Using the frame context in the TIMIT MLP model

This notebook is an extension of the MLP_TIMIT demo which takes a context of many frames at input to model the same output. So if we have a phoneme, say 'a', instead of just using one vector of 26 features to recognize it, we provide several frames of 26 features before and after the one we are looking at, in order to capture its context.

This technique helps greatly improve the the quality of the solution, but isn't as scalable as some other solutions. First of all, the greater the context, the more parameters we need to determine. The bigger the model, the more data is required to accurately appraise all the parameters.

One solution would be to use tied weights, rather then a classical dense layer in such a way that different frames (within the context) use the same set of weights, so the number of weights is kept constant even though we use a larger context.

Furthermore, the model assumes a context of a specific size. It would be nice if the size is unlimited. Again, this would probably make the model impractical if we use a standard dense layer, but could work with the tied weights technique.

Another way of looking at the tied weights solution that has an unlimited context is simply as an RNN. In fact, most implementions of BPTT (used to train RNN) simply unroll the training loop in time and treat the model as a simple MLP with tied weights. This works quite well, but has other issues that are solved using more advanced topologies (LSTM, GRU) which will be dicussed in other notebooks.

In this notebook, we will take an MLP which has an input context of 10 frames on the left and the right side of the analyzed frame.
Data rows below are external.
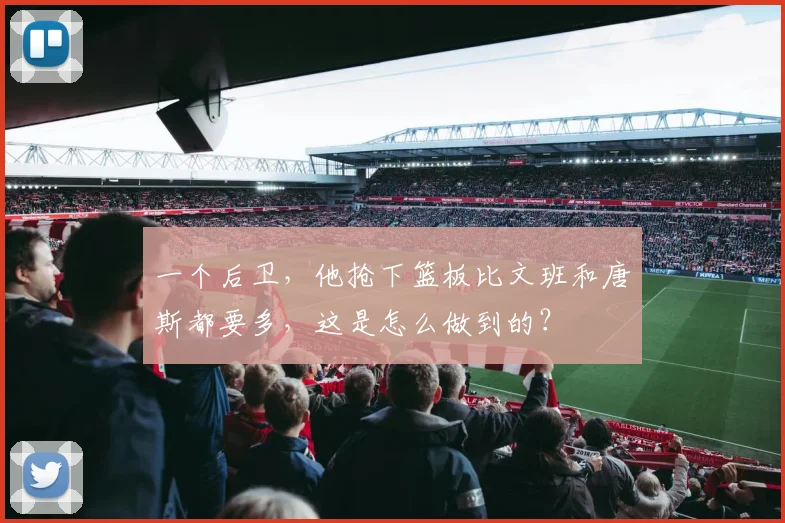 一个后卫，他抢下篮板比文班和唐斯都要多，这是怎么做到的？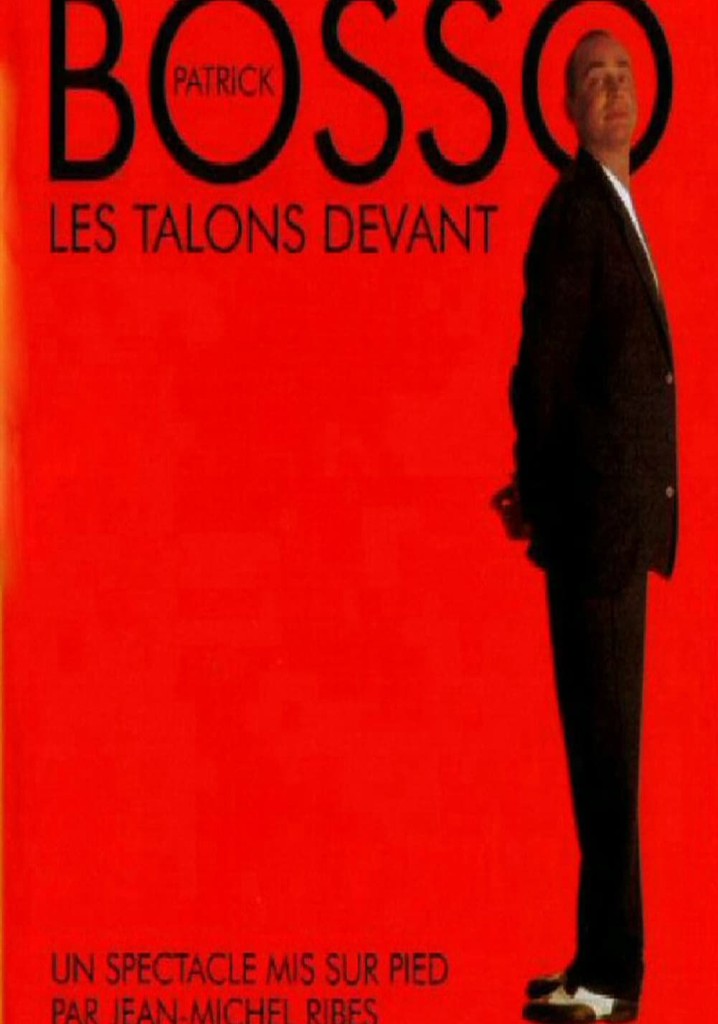 Patrick Bosso - Les talons devant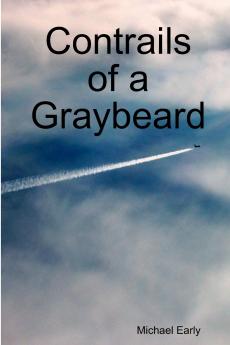 Contrails of a Graybeard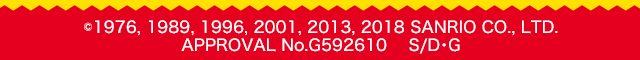 ©1976, 1989, 1996, 2001, 2013, 2018 SANRIO CO., LTD. APPROVAL No.G592610 S/D･G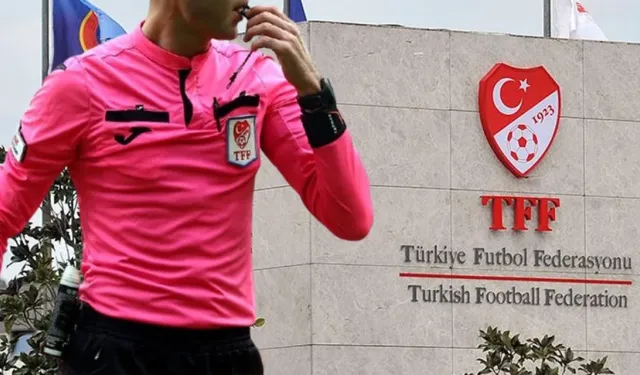 TFF'den O  Hakemlere Men Çıktı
This is done in order to reproduce the resutls from the same paper and thesis as in the MLP_TIMIT notebook.

We begin with the same introductory code as in the previous notebook:



In [1]:

    
import os

os.environ['CUDA_VISIBLE_DEVICES']='1'



In [2]:

    
import numpy as np
from keras.models import Sequential
from keras.layers.core import Dense, Activation, Reshape
from keras.optimizers import Adam, SGD
from IPython.display import clear_output
from tqdm import *









    



Using Theano backend.
Using gpu device 0: Tesla K80 (CNMeM is enabled with initial size: 90.0% of memory, cuDNN not available)

Loading the data



In [3]:

    
import sys

sys.path.append('../python')

from data import Corpus, History

train=Corpus('../data/TIMIT_train.hdf5',load_normalized=True,merge_utts=False)
dev=Corpus('../data/TIMIT_dev.hdf5',load_normalized=True,merge_utts=False)
test=Corpus('../data/TIMIT_test.hdf5',load_normalized=True,merge_utts=False)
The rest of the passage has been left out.